### Problem requirements
Reproduce every record exactly as it appears, but not the pictures.

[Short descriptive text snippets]
*-*-*

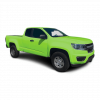 Colorado Crew Cab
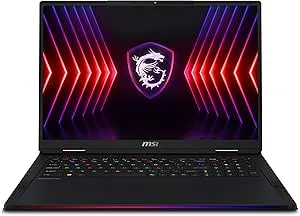 MSI Raider 18 HX AI A2XWJG-003NEU 18"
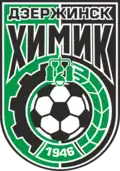Logo du Khimik Dzerjinsk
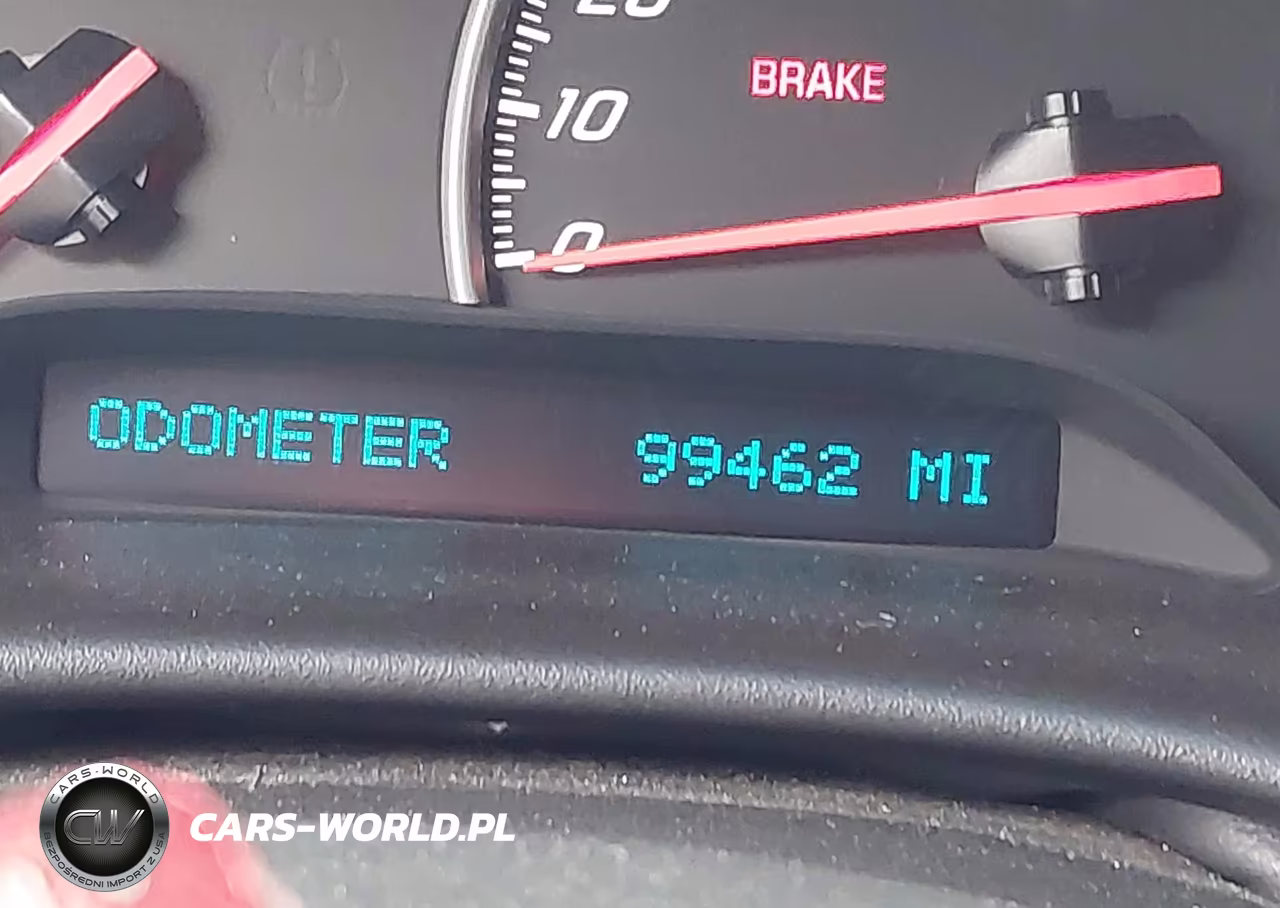 2006 Chevrolet Corvette VIN:1G1YY26U665116390 - 15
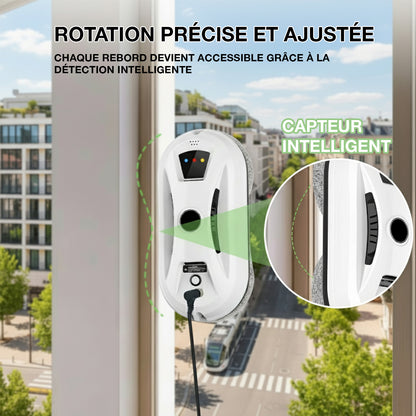 Robot Lave-Vitres Intelligent - SmartGlass 2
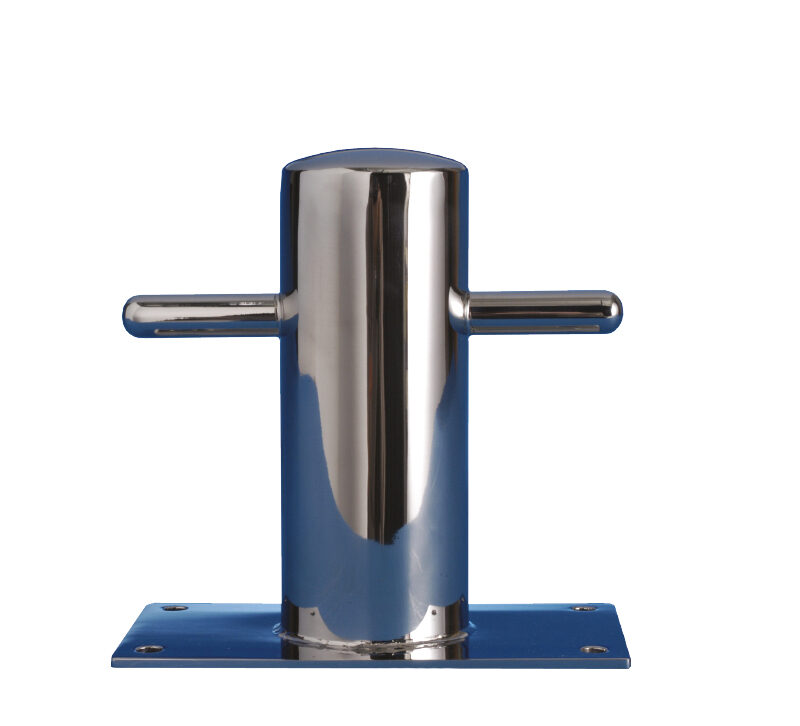 Cross Bollard SS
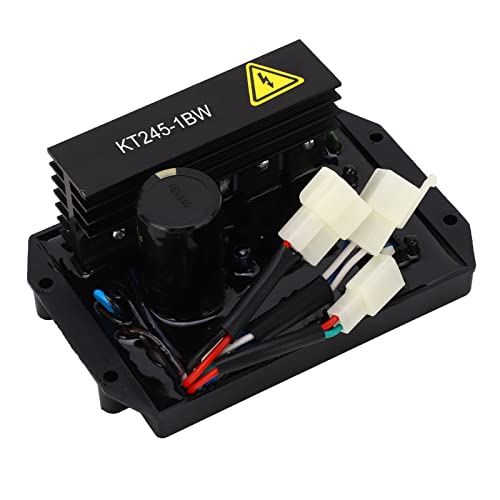 Regulador Automático de Tensão, Placa PID AVR Estável Prática 230 V Potenciômetro de Saída para Fábr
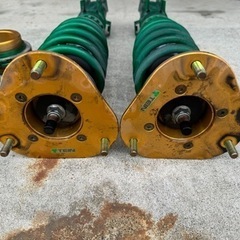 50系エスティマ　テイン車高調セット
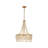 Abriell 3 - Light Dimmable Chandelier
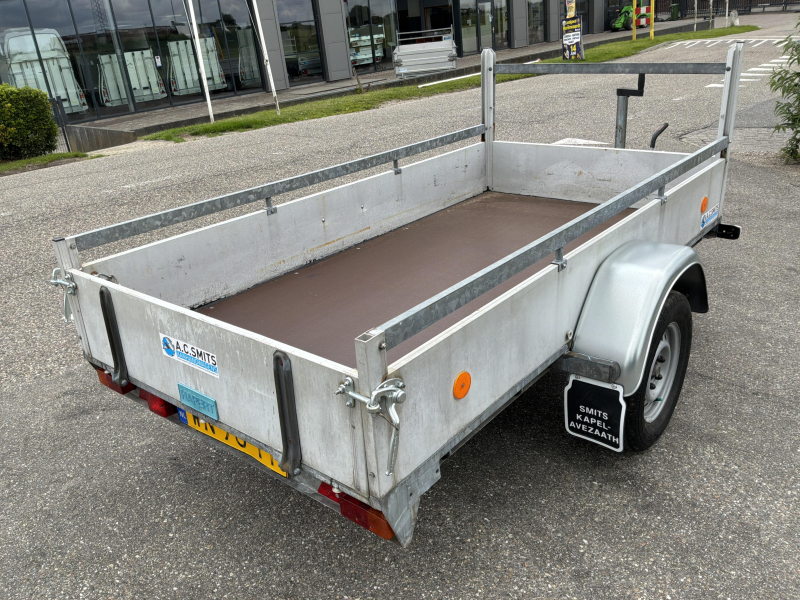 Hapert Open bakwagen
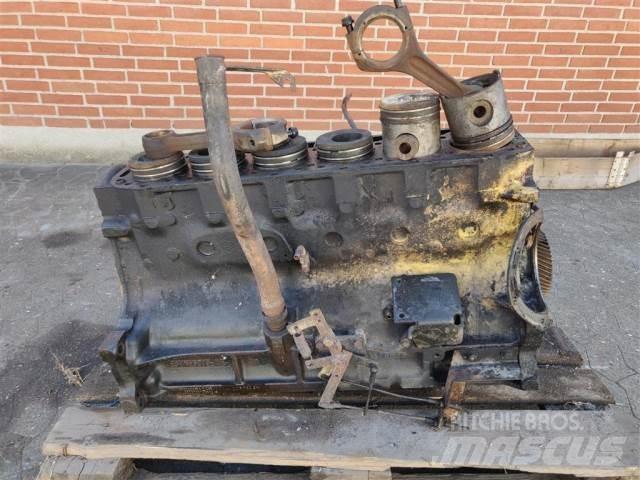 Ford 678HTA Moottorit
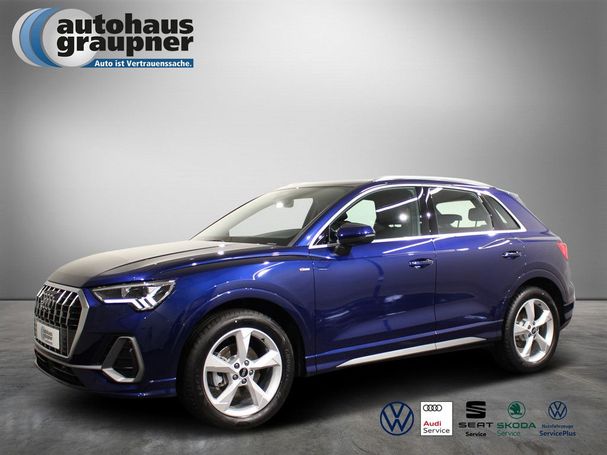 Audi Q3 35 TFSI S tronic S-line 110 kW image number 1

*-*-*

### Answer for this exercise
 Colorado Crew Cab
 MSI Raider 18 HX AI A2XWJG-003NEU 18"
Logo du Khimik Dzerjinsk
 2006 Chevrolet Corvette VIN:1G1YY26U665116390 - 15
 Robot Lave-Vitres Intelligent - SmartGlass 2
 Cross Bollard SS
 Regulador Automático de Tensão, Placa PID AVR Estável Prática 230 V Potenciômetro de Saída para Fábr
 50系エスティマ　テイン車高調セット
 Abriell 3 - Light Dimmable Chandelier
 Hapert Open bakwagen
 Ford 678HTA Moottorit
 Audi Q3 35 TFSI S tronic S-line 110 kW image number 1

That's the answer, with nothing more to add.